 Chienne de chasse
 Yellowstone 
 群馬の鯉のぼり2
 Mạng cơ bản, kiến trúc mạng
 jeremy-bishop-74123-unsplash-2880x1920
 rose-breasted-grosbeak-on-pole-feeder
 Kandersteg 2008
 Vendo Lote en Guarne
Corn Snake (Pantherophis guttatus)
========================
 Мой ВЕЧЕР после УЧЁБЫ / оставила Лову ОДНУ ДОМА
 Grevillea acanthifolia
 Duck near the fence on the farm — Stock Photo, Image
========================
Work instructions: Using the records above, copy word for word the line with "Chienne de chasse", the line with "Corn Snake (Pantherophis guttatus)", and every line between them.

Task solution:
 Chienne de chasse
 Yellowstone 
 群馬の鯉のぼり2
 Mạng cơ bản, kiến trúc mạng
 jeremy-bishop-74123-unsplash-2880x1920
 rose-breasted-grosbeak-on-pole-feeder
 Kandersteg 2008
 Vendo Lote en Guarne
Corn Snake (Pantherophis guttatus)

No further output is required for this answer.